Banjir mulai terjadi selepas waktu salat Magrib setelah debit air sungai meningkat akibat intensitas hujan yang tinggi. Air kemudian meluap ke permukiman dan jalan-jalan utama di nagari tersebut.
Anggota Kelompok Siaga Bencana (KSB) Lakitan Tengah, Okriman, mengatakan empat kampung yang terdampak banjir yakni Kampung Tanjung Durian, Air Kalam, Koto Lamo, dan Pulai.
“Empat kampung yang terendam adalah Tanjung Durian, Air Kalam, Koto Lamo, dan Pulai,” kata Okriman kepada wartawan.
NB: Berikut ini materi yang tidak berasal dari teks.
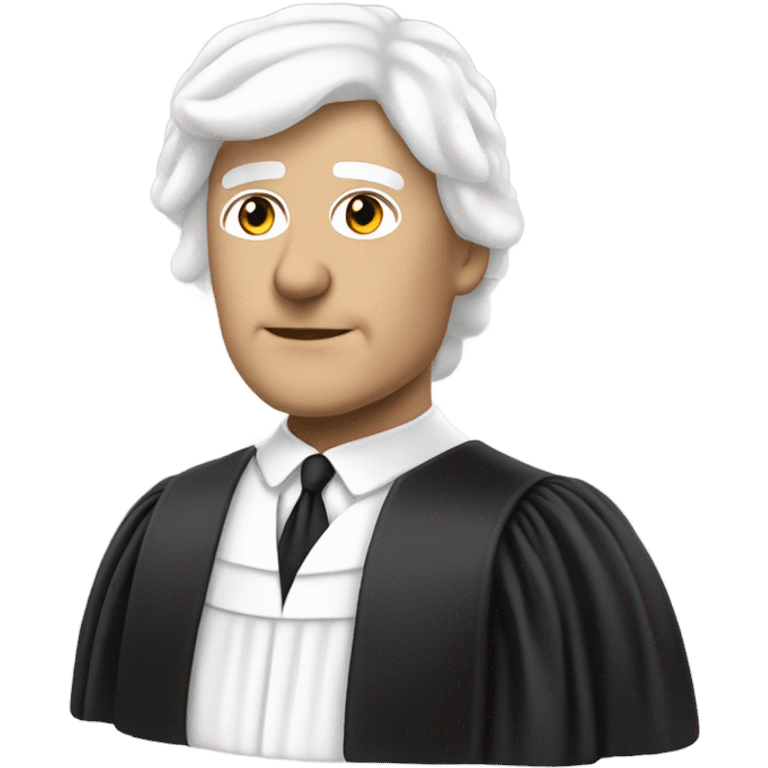 white UK judge upper body white wig at an angle  emoji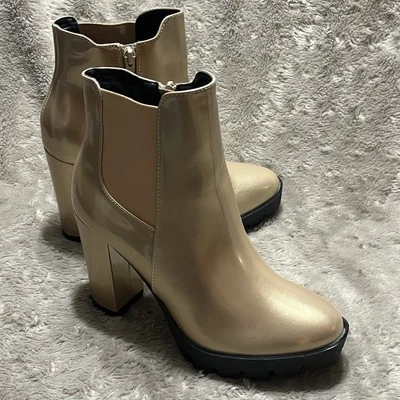 Allegra K Block High Heel Platform Zip Gold Chelsea Boots Womens Size 9-NEW - Image 1 of 4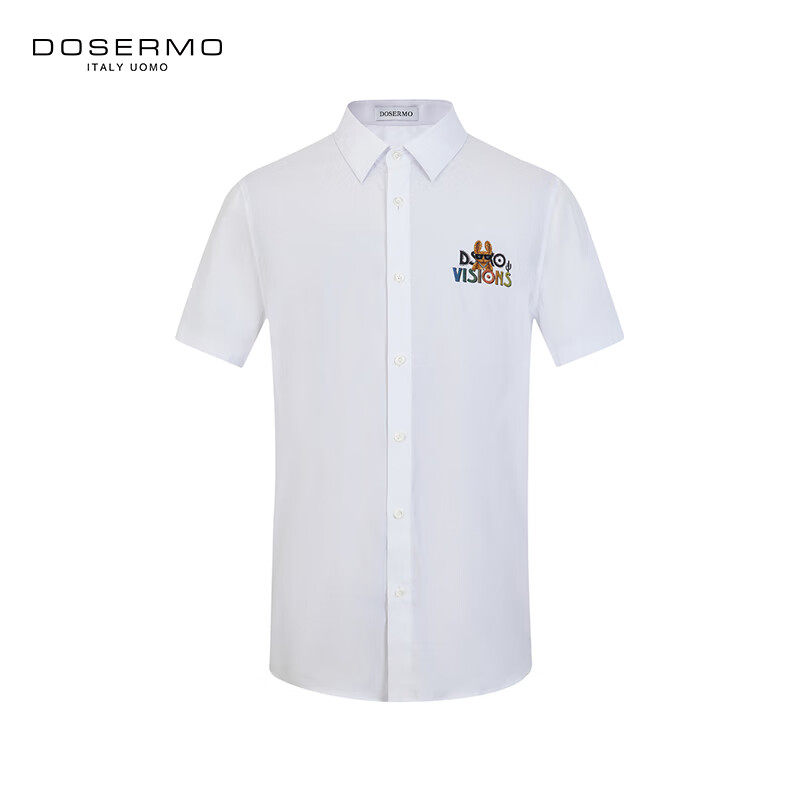丹西摩(DOSERMO)轻奢男装短袖衬衫印花烫钻潮兔图案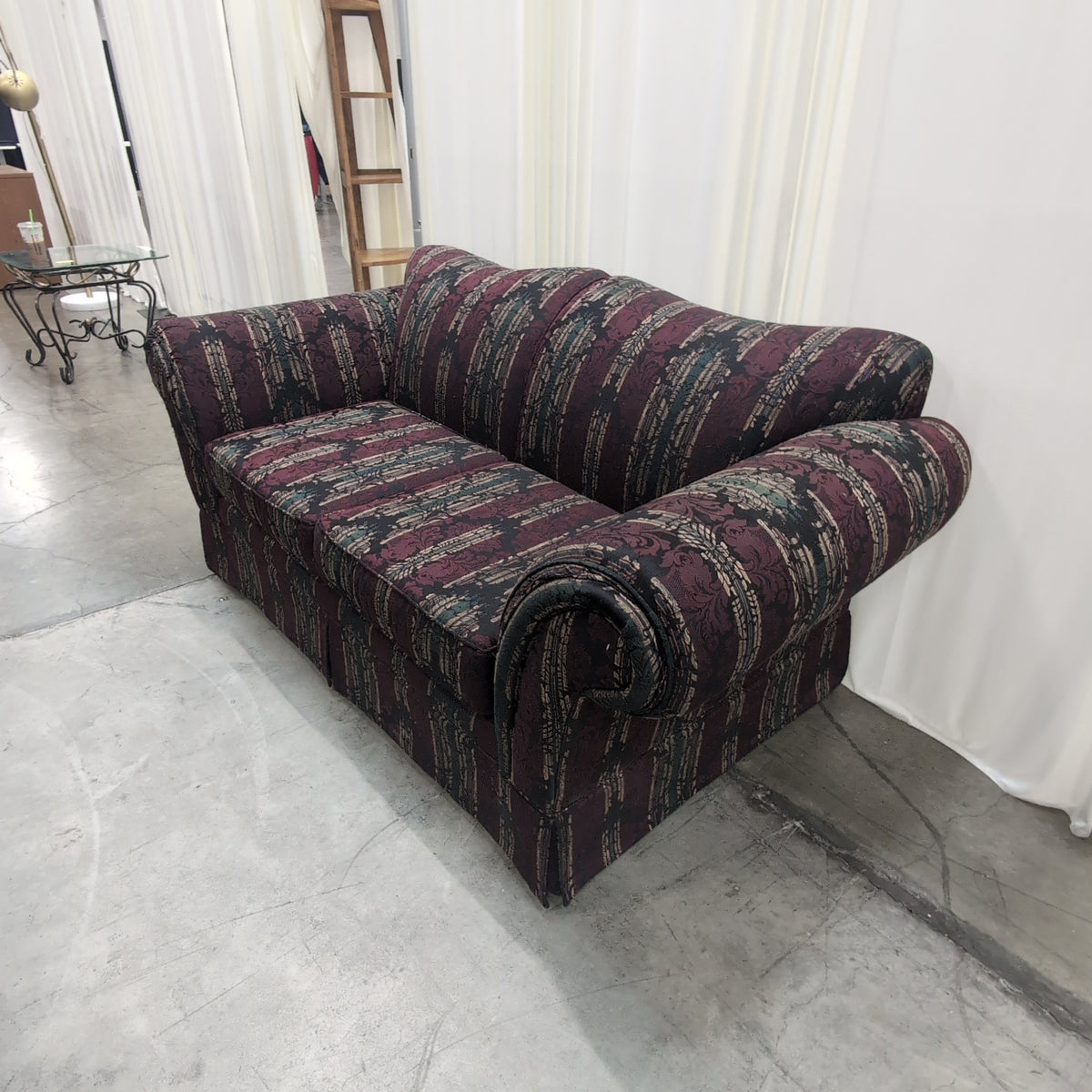 Striped Burgundy Upholstered Armchair with Rolled Arms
Menurutnya, hingga pukul 21.00 WIB kondisi banjir masih belum surut. Air masih menggenangi sebagian besar rumah warga dan akses jalan di kawasan terdampak.
“Ketinggian air di beberapa ruas jalan mencapai sepinggang orang dewasa. Sebagian besar rumah warga juga ikut terendam,” ujarnya.
Meski demikian, hingga berita ini diturunkan belum terdapat laporan mengenai korban jiwa maupun warga yang mengalami kerugian harta benda akibat banjir tersebut.
“Hingga malam ini belum ada laporan korban jiwa maupun kehilangan harta benda,” ucapnya.
Mengantisipasi kemungkinan kondisi memburuk, Badan Penanggulangan Bencana Daerah (BPBD) Kabupaten Pesisir Selatan telah menempatkan personel di lokasi lengkap dengan perahu karet untuk melakukan evakuasi apabila diperlukan.
“Personel BPBD sudah standby di lokasi bersama perahu karet. Hingga saat ini situasi masih terkendali,” tambahnya.
Hingga Senin malam, hujan di sejumlah wilayah Pesisir Selatan dilaporkan masih turun dengan intensitas bervariasi. Warga di daerah bantaran sungai dan kawasan rendah diimbau tetap meningkatkan kewaspadaan terhadap potensi banjir susulan apabila curah hujan kembali meningkat.